**DATA SHOWN**:
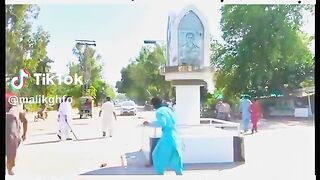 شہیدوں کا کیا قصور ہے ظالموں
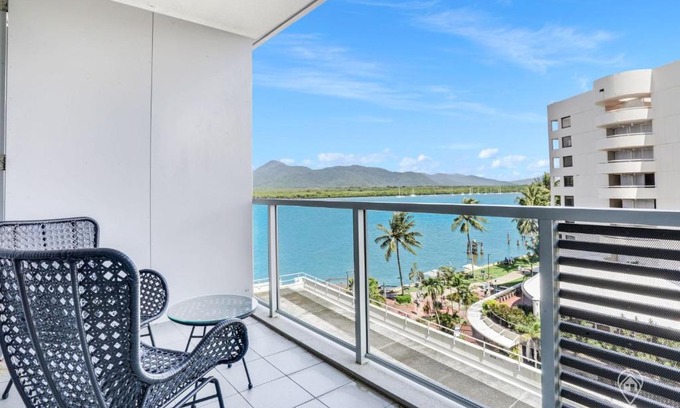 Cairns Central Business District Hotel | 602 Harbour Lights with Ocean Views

--

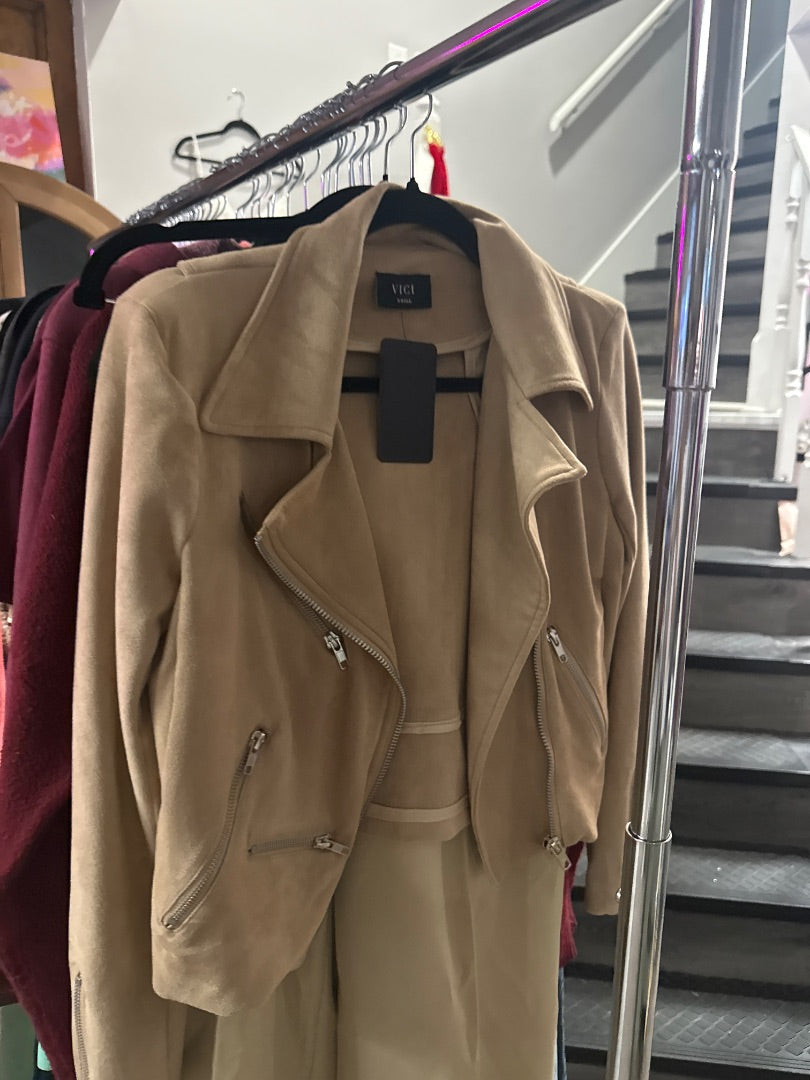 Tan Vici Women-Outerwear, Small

**TASK ITEM**:
Using the data above, retype exactly the lines from the line with "شہیدوں کا کیا قصور ہے ظالموں" to the line with "Cairns Central Business", inclusive. No pictures and nothing else.

**ANSWER TO THE EXERCISE**:
 شہیدوں کا کیا قصور ہے ظالموں
 Cairns Central Business District Hotel | 602 Harbour Lights with Ocean Views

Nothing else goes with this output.